Groups | Search | Server Info | Keyboard shortcuts | Login | Register [http] [https] [nntp] [nntps]


Groups > comp.lang.python > #108177

Re: Whittle it on down

From Stephen Hansen <me+python@ixokai.io>
Newsgroups comp.lang.python
Subject Re: Whittle it on down
Date 2016-05-05 06:32 -0700
Message-ID <mailman.406.1462455146.32212.python-list@python.org> (permalink)
References (1 earlier) <572ae25f$0$2821$c3e8da3$76491128@news.astraweb.com> <1462430766.25079.598726825.1B90C7A1@webmail.messagingengine.com> <mailman.398.1462430769.32212.python-list@python.org> <572af811$0$1608$c3e8da3$5496439d@news.astraweb.com> <1462455144.93995.599007201.4350517C@webmail.messagingengine.com>

Show all headers | View raw


On Thu, May 5, 2016, at 12:36 AM, Steven D'Aprano wrote:
> Oh, a further thought...
> 
> On Thursday 05 May 2016 16:46, Stephen Hansen wrote:
> > I don't even care about faster: Its overly complicated. Sometimes a
> > regular expression really is the clearest way to solve a problem.
> 
> Putting non-ASCII letters aside for the moment, how would you match these 
> specs as a regular expression?

I don't know, but mostly because I wouldn't even try. The requirements
are over-specified. If you look at the OP's data (and based on previous
conversation), he's doing web scraping and trying to pull out good data.
There's no absolutely perfect way to do that because the system he's
scraping isn't meant for data processing. The data isn't cleanly
articulated.

Instead, he wants a heuristic to pull out what look like section titles. 

The OP looked at the data and came up with a simple set of rules that
identify these section titles:

>> Want to keep all elements containing only upper case letters or upper 
case letters and ampersand (where ampersand is surrounded by spaces)

This translates naturally into a simple regular expression: an uppercase
string with spaces and &'s.
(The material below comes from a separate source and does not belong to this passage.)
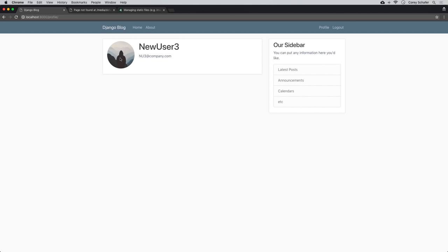They'll be able to change their username, their email, and also upload a new profile picture. We'll also learn how to save space on our web server by automatically resizing images when they're uploaded. If anyone has any questions about what we covered in this video, feel free to ask in the comment section below. If you enjoy these tutorials and would like to support them, the easiest way is to simply like the video and give it a thumbs up. Be sure to subscribe for future videos, and thank you all for watching.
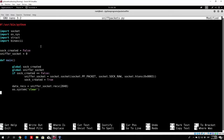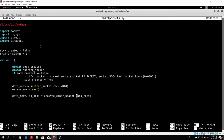After that, we want to use our data_receive in order to analyze further on our Ethernet header. We will set data_receive and ip_bool to be equal to the return value of analyze_ether_header, passing in data_receive. This analyze_ether_header is a function that we will code right now — it doesn't exist yet. It will store the returning values to data_receive and to ip_bool, where ip_bool will take the value of true or false.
Now, that expression doesn't 100% encode
every detail of that rule-- it allows both Q&A and Q & A-- but on my own
looking at the data, I suspect its good enough. The titles are clearly
separate from the other data scraped by their being upper cased. We just
need to expand our allowed character range into spaces and &'s.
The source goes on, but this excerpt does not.